About this task –
If pictures appear, leave them out, and return exactly the lines from the one holding "Poster Biko (2022)" through the last line of the listing below.
○ ○ ○ ○ ○ ○ ○
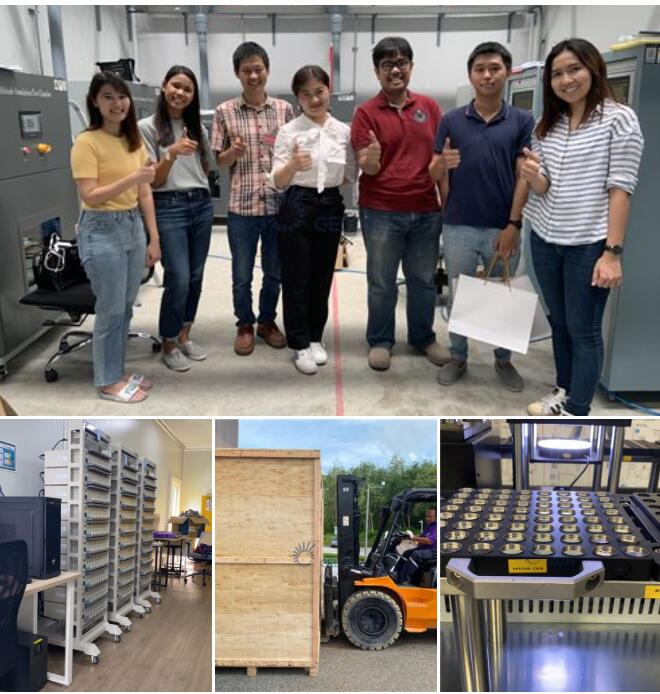 Precision Laboratory Mixing Machine with Multi-segment Speed Control and Built-in Vacuum Generator for High-Efficiency Lithium Battery Slurries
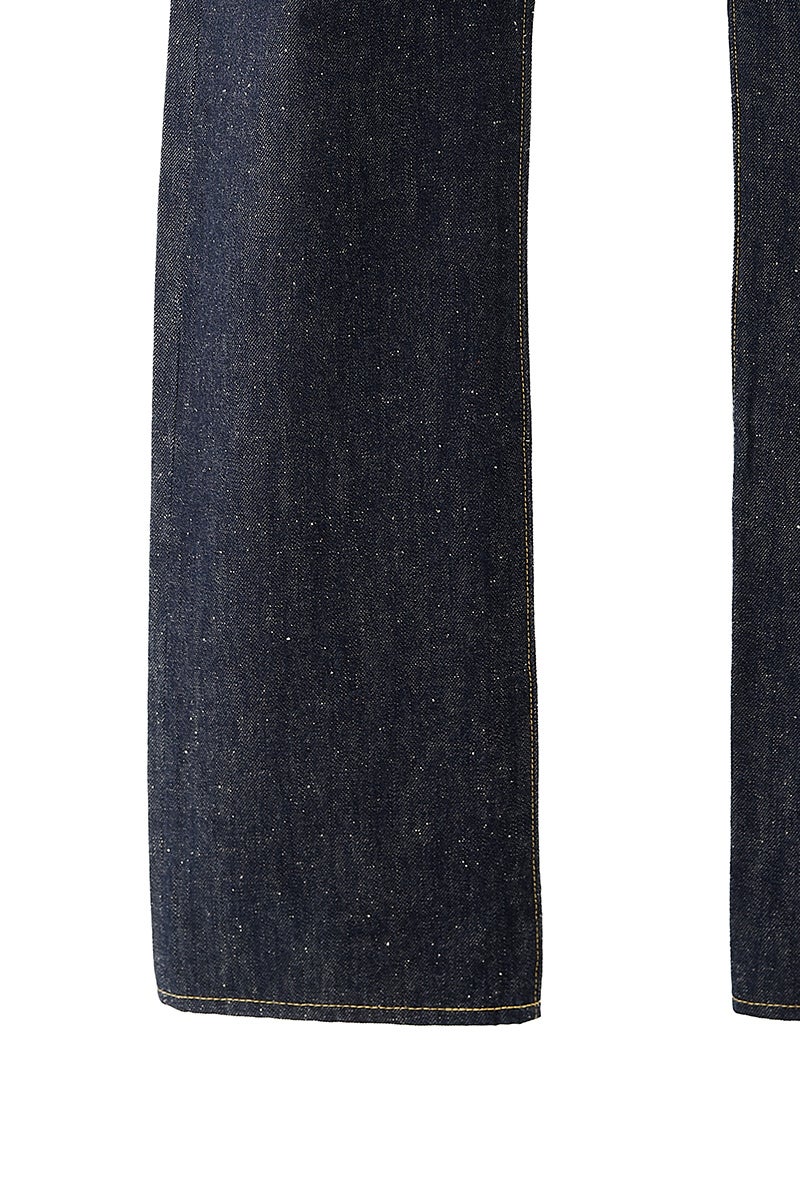 SAINT Mxxxxxx(セントマイケル) SM-MK1-0000-C24_BBJ_5 PKT DENIM PANTS_REGID_BLUE ベルベルジン 5ポケットデニムパンツ リジッド ブルー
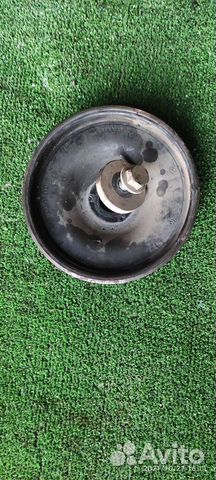 Шкив коленвала renault sandero stepway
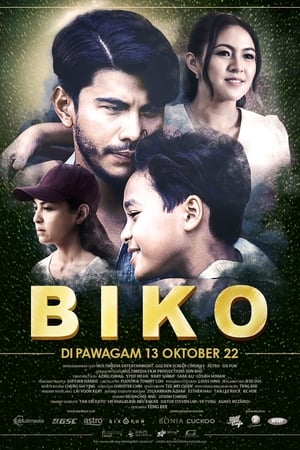 Poster Biko (2022)
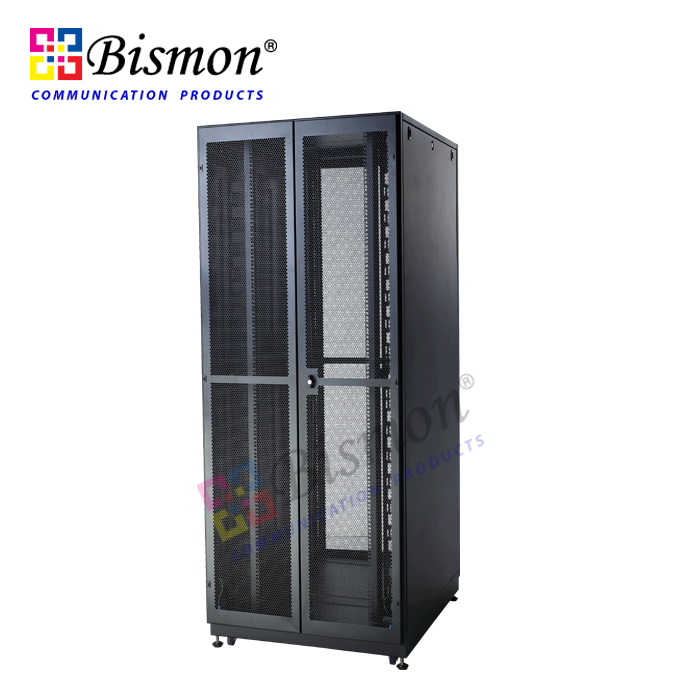 CURVE-19-High-Perforation-Export-Server-Rack-45U-80x110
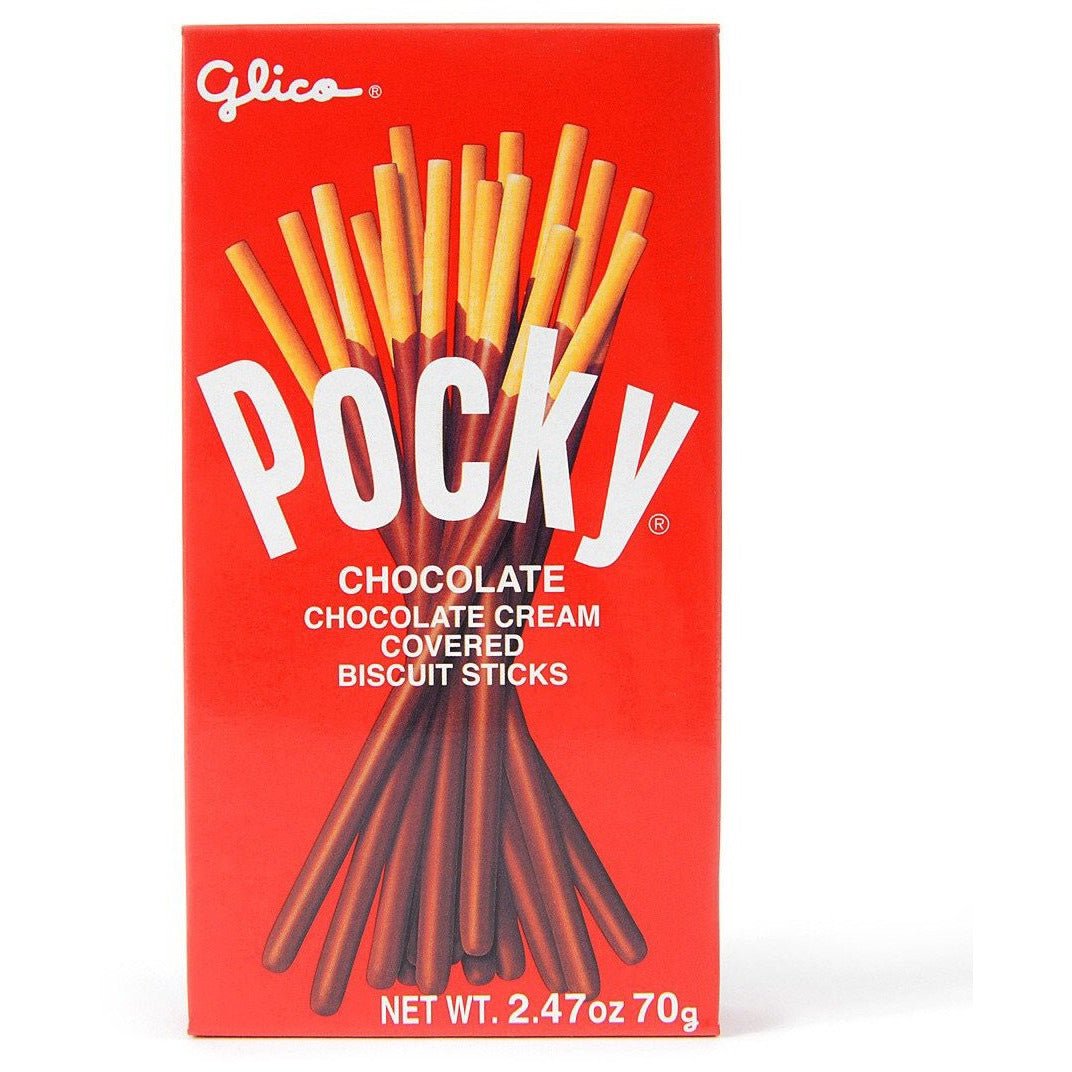 Glico Pocky Sticks Chocolate 45g - Asian Online Superstore UK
○ ○ ○ ○ ○ ○ ○
Answer to the problem –
 Poster Biko (2022)
 CURVE-19-High-Perforation-Export-Server-Rack-45U-80x110
 Glico Pocky Sticks Chocolate 45g - Asian Online Superstore UK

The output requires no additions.